His mind as crowded with foreboding thoughts as an ancient forest, Gawain wanders a terrain that at once seems too full (trees by the hundreds) and too bare (winter has stripped everything, invading the whole of the world with its chill). The knight from Camelot knows that time to accomplish his quest is trickling away while he remains "mon al hym one" ("a man all alone" 749). His misery is embodied in those "mony bryddez vnblythe ...that pitosly piped for pyne of the colde." In a wordless avian complaint, Gawain's pangs at his solitude find their most lyrical expression

... [skip to a longish section on animals as bodies resistant to historicist readings] ...

Derrida's l'animot, Lingis's oceanic humanity, Haraway's companion species: all function as an invitation to explore a spacious corporeality beyond the specious boundaries of the human, to invent through alliances with possible bodies a monstrous kind of becoming that carries history within but which is not reducible to historical allegory, cannot in the end be sorted for its use value. Sir Gawain and the Green Knight features a protagonist's movement across similarly animated geographies. In that somber errantry we can see not just an instance of the pathetic fallacy, where anthropocentrism leads a human author to glean nothing but human meanings from a non-human landscape, but what the philosopher Gail Weiss has called "embodiment as intercorporeality," can see the ways in which our very identities are dispersed across the relations we form. Even better, this vegetal and animal dispersedness could be termed an interspecies alliance, the mode by which a knight of the Arthurian Court can share his sorrow at the world's chill with birds who huddle in winter misery. These animals give voice to their sadness in a language that, while not human, is also not so very difficult to understand:
The hazel and the hawthorn were all intertwined
With rough raveled moss, that raggedly hung,
With many bords unblithe upon bare twigs
That peeped most piteously for pain of the cold.
The good knight on Gringolet glides thereunder
Through many a marsh, a man all alone.(744-49)

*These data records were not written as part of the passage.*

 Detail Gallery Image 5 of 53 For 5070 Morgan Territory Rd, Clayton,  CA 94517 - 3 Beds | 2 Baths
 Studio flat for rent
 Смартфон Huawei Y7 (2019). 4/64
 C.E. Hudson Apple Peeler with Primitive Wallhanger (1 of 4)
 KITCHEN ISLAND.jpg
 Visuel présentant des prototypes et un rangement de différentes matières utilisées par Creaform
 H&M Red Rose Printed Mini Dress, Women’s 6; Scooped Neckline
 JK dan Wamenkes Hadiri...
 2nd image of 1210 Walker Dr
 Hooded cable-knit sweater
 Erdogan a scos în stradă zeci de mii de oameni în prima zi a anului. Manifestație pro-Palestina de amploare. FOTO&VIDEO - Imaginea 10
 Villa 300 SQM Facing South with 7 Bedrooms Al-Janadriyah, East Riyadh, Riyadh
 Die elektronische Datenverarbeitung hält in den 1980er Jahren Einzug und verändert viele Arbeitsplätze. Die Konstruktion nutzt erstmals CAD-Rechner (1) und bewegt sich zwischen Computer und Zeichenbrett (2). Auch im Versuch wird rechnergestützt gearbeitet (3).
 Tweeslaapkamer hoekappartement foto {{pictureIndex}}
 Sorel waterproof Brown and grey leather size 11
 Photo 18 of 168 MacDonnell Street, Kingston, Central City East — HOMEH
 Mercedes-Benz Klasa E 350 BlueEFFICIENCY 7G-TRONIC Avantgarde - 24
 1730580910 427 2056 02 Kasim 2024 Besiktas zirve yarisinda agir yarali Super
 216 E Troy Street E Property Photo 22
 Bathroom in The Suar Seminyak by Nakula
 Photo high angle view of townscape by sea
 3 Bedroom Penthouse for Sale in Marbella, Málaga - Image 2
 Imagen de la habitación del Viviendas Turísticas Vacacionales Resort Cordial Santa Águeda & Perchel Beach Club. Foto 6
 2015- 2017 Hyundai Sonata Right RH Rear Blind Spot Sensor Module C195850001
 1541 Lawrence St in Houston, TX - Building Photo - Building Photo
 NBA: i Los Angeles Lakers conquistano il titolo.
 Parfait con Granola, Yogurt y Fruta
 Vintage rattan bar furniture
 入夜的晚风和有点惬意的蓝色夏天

We know already that this last line must be untrue. Despite what at first glance appears to be his somber solitariness, Gawain's subjectivity is entangled in hazel and hawthorn, his embodiment completed by shivering birds, his knightly identity inseparable from his good steed Gringolet.

Sir Gawain glides through a world alive with flora and fauna, a world where he can never be "a man all alone."

----
UPDATE: I realize in retrospect that I posted a bit of this essay already, here. My excuse is that the frost benumbed my synapses. Besides, since I started this post by invoking the inconvenient Al Gore, why not take his ecopassion to heart and recycle? I'm sure that I am somehow reducing the planetary carbon emission total in doing so.